[Saved entries]
Start of Block

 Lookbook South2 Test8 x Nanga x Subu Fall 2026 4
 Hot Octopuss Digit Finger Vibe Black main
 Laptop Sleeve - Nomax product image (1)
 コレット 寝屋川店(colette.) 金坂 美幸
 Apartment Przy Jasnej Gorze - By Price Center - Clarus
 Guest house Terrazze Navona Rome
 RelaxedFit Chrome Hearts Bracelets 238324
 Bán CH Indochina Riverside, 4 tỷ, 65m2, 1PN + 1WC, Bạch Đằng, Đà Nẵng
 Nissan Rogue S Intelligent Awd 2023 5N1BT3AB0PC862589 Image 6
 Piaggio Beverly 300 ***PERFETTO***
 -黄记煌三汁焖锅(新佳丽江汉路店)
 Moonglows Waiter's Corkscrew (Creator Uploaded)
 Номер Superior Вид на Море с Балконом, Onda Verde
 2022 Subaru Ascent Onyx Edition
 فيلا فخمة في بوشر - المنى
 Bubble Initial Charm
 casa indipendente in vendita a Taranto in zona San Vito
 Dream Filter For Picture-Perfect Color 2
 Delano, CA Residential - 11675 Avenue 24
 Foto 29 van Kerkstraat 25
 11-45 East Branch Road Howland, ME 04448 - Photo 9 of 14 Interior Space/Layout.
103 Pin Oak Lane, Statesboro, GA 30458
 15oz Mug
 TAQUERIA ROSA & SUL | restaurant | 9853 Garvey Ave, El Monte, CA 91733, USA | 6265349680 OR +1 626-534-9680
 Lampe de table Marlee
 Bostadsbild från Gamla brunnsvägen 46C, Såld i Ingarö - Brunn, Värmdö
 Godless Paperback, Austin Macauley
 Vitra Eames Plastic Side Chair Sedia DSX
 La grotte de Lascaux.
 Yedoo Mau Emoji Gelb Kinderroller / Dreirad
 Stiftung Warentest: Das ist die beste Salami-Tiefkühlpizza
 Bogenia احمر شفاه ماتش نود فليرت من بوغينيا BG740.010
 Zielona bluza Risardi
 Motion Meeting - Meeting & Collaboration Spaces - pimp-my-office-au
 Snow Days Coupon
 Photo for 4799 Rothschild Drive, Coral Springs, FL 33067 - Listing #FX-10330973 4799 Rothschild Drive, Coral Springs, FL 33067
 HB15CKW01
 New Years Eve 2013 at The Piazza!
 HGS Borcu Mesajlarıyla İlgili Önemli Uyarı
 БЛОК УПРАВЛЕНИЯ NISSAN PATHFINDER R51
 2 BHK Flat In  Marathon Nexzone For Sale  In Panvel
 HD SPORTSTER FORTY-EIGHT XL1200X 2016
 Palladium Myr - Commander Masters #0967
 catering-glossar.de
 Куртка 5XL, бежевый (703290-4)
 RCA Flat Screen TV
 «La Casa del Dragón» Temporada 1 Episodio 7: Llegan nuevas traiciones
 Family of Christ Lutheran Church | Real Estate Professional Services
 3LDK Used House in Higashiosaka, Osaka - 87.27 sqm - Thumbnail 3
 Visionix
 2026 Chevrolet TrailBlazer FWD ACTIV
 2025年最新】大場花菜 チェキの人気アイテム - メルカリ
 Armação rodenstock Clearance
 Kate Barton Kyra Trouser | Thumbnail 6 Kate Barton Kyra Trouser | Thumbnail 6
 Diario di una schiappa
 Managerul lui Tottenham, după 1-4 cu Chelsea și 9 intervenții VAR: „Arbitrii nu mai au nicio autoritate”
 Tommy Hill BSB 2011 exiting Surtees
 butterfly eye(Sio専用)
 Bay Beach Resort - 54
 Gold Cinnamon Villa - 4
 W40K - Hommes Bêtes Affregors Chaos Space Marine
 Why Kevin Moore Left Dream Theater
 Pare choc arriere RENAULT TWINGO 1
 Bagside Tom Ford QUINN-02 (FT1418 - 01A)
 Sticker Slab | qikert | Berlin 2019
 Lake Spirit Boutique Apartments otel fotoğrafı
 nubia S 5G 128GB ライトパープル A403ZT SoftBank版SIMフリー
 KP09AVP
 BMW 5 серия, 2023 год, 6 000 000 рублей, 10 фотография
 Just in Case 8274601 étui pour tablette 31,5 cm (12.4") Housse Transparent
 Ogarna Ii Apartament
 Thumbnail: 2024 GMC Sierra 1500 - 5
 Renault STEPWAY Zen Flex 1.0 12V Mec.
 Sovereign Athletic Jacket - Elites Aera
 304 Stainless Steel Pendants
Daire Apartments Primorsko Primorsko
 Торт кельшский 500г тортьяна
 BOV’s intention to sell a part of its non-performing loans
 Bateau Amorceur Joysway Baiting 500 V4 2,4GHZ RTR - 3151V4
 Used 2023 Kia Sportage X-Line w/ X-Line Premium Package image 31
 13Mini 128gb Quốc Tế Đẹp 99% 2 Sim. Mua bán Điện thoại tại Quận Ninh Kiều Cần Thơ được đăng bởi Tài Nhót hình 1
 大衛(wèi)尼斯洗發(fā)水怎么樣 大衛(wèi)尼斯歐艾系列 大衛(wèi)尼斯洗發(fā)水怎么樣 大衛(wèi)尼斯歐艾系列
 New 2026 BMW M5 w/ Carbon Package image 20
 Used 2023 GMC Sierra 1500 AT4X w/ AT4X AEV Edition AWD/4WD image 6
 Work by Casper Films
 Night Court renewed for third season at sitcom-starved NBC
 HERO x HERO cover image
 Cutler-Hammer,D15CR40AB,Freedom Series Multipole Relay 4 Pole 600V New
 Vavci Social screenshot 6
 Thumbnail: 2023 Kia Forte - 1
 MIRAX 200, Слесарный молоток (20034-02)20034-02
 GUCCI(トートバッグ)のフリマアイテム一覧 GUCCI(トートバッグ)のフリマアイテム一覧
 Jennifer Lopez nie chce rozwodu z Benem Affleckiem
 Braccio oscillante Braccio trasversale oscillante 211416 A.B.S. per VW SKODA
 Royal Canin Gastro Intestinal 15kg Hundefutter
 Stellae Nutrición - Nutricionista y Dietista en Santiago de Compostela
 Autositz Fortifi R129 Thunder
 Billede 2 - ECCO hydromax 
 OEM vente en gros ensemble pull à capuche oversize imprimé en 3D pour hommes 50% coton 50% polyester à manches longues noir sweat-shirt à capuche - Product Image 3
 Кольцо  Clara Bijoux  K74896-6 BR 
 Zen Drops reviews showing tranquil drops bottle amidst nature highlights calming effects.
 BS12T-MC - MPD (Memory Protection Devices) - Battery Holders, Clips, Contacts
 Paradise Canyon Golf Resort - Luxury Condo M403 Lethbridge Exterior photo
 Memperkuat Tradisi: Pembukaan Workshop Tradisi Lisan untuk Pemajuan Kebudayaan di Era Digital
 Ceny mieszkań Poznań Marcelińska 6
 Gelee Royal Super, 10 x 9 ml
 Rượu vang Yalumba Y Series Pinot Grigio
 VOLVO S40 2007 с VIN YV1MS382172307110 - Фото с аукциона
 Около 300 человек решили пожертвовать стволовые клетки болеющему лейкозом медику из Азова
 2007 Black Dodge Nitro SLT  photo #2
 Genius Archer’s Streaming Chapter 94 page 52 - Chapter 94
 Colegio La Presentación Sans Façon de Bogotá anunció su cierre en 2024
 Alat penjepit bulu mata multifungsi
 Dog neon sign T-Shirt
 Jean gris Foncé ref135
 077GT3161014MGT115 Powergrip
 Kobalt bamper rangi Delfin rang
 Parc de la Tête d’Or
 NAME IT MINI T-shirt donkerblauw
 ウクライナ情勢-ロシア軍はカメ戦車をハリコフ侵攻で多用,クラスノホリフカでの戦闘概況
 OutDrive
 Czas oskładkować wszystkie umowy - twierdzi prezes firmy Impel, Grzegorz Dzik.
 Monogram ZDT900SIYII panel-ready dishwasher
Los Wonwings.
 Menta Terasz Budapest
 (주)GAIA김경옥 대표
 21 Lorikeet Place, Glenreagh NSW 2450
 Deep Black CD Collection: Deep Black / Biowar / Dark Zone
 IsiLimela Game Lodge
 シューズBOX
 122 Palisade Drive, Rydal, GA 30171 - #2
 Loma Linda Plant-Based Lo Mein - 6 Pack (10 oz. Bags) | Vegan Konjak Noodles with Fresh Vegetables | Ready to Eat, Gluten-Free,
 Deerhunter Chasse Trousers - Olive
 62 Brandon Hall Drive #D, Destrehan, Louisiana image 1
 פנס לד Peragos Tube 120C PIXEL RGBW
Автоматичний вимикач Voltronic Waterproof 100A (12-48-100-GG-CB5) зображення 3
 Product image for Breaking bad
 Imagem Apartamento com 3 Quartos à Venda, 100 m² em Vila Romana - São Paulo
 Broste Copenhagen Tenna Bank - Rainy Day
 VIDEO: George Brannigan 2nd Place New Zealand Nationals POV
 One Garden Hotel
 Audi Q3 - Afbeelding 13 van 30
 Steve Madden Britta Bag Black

End of Block

■ GOAL OF THE EXERCISE: The answer is the lines above between the line holding "OEM vente en" and the line holding "VOLVO S40 2007", inclusive, each written out exactly, and no others.

■ RESPONSE FOR THIS EXERCISE:
 OEM vente en gros ensemble pull à capuche oversize imprimé en 3D pour hommes 50% coton 50% polyester à manches longues noir sweat-shirt à capuche - Product Image 3
 Кольцо  Clara Bijoux  K74896-6 BR 
 Zen Drops reviews showing tranquil drops bottle amidst nature highlights calming effects.
 BS12T-MC - MPD (Memory Protection Devices) - Battery Holders, Clips, Contacts
 Paradise Canyon Golf Resort - Luxury Condo M403 Lethbridge Exterior photo
 Memperkuat Tradisi: Pembukaan Workshop Tradisi Lisan untuk Pemajuan Kebudayaan di Era Digital
 Ceny mieszkań Poznań Marcelińska 6
 Gelee Royal Super, 10 x 9 ml
 Rượu vang Yalumba Y Series Pinot Grigio
 VOLVO S40 2007 с VIN YV1MS382172307110 - Фото с аукциона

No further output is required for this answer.